Kula Shaker were formed by a group of friends at college in Richmond in south west London with the seeds planted in the late 1980s but the name and the recognised line up finally settled in 1995. In the preceding years Crispian Mills had visited India and nurtured a love of the country’s music and mysticism. This new love would form the backbone of Kula Shaker’s style and their unique place in the British musical landscape of the 1990s and Britpop.

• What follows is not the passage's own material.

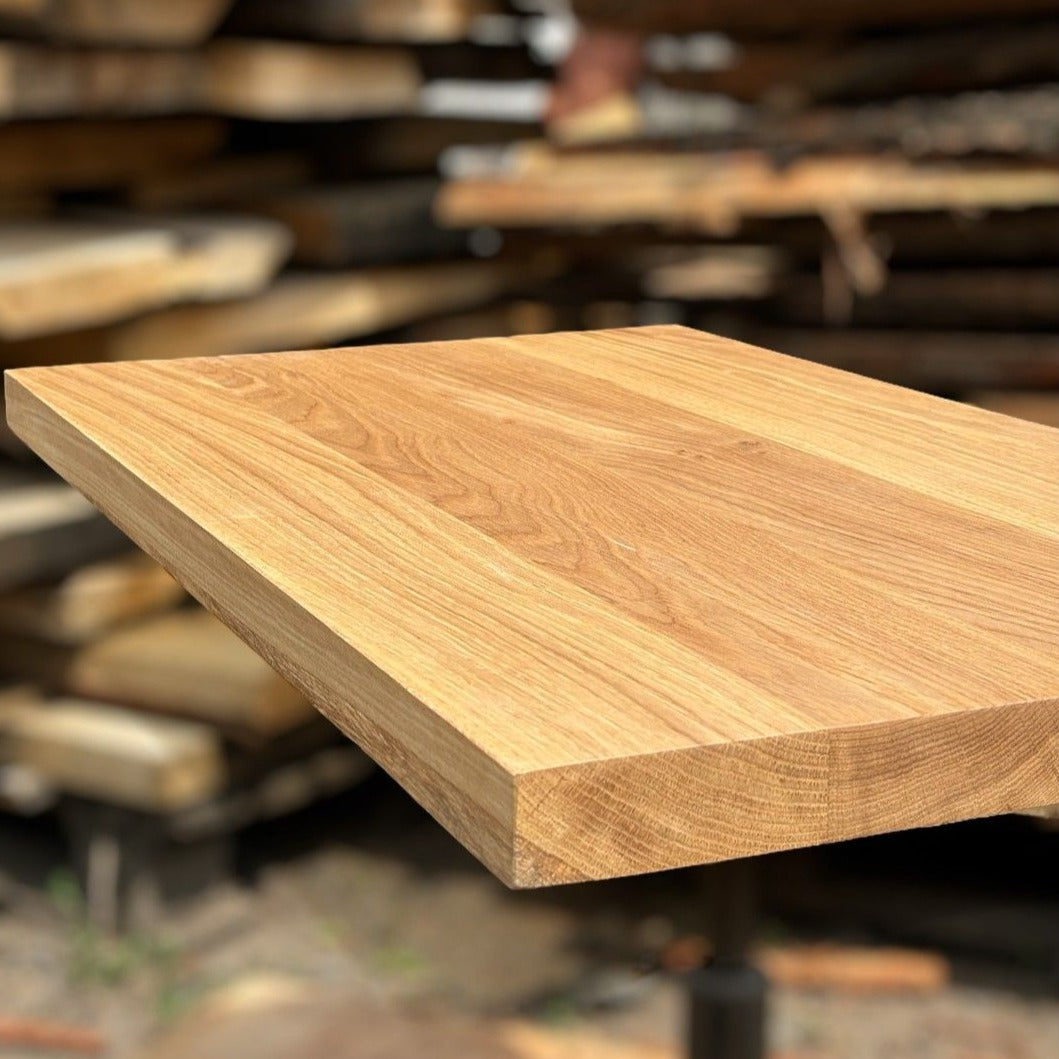 Solid oak straight edge top 80x43x4cm oiled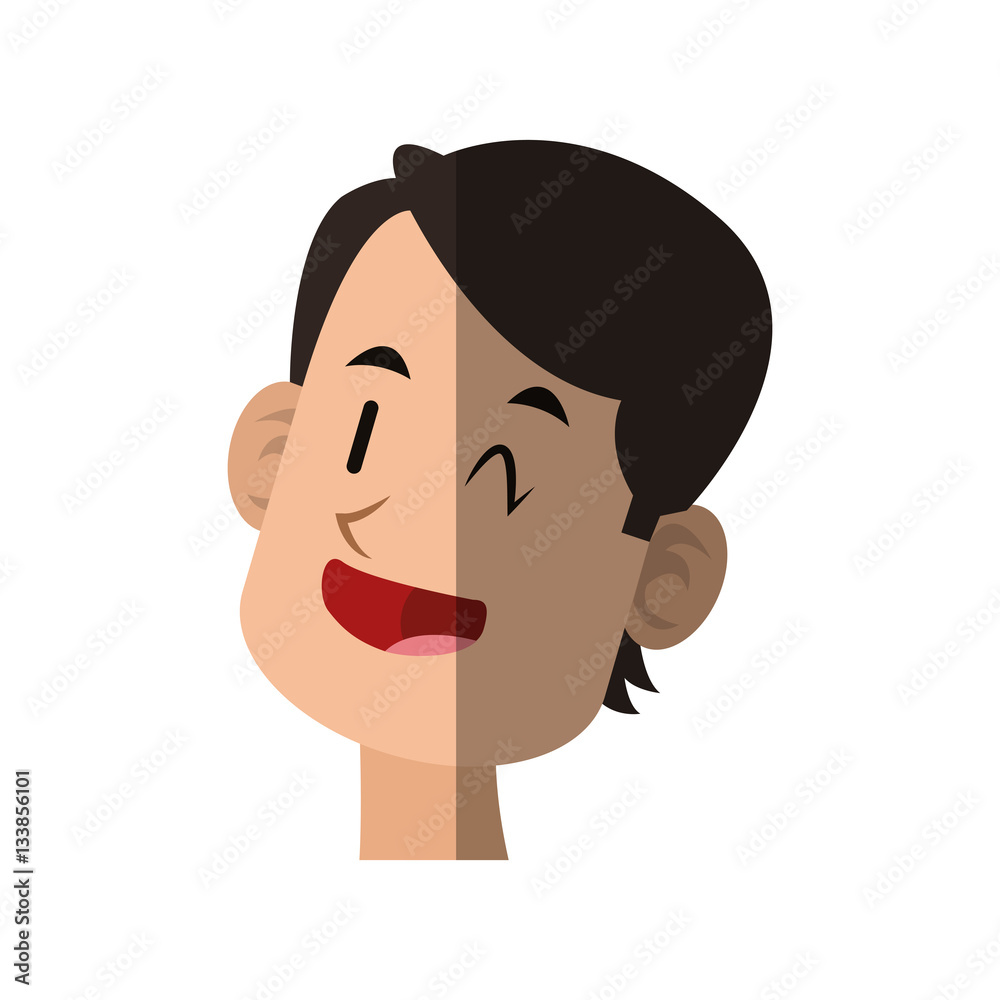 happy man face cartoon over white background. colorful design. vector illustration happy man face cartoon over white background. colorful design. vector illustration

The band has had five members since 1995 and has always been a four piece. The most famous and outspoken member is Crispian Mills, son of the child actress Hayley Mills and the grandson of cinema legend Sir John Mills. As well as being the face of the band Crispian is a very good guitarist and is the lead singer. Bass is played by Welshman Alonza Bevan, big tea fan and owner of a studio in Belgium where the most recent albums have been recorded. On drums is Paul Winterhart, the quieter member of the band who has worked with various side projects during the Kula Shaker slow years. Harry Broadbent is the keyboard player and the most recent member to join, having done so in 2006; his father is a renowned organist and Harry also does a lot of session work. The original keyboard player was Jay Darlington who left the band after the second album; he went on to be the touring keyboard player for Oasis and was affectionately known the ‘The Shroud’ or Jesus by the band and fans due to his long hair and beard giving him the look of the famous chap from Bethlehem. Darlington now plays in a psychedelic band called Magic Bus who pop up with gigs around Glastonbury (the village, not the festival in nearby Pilton).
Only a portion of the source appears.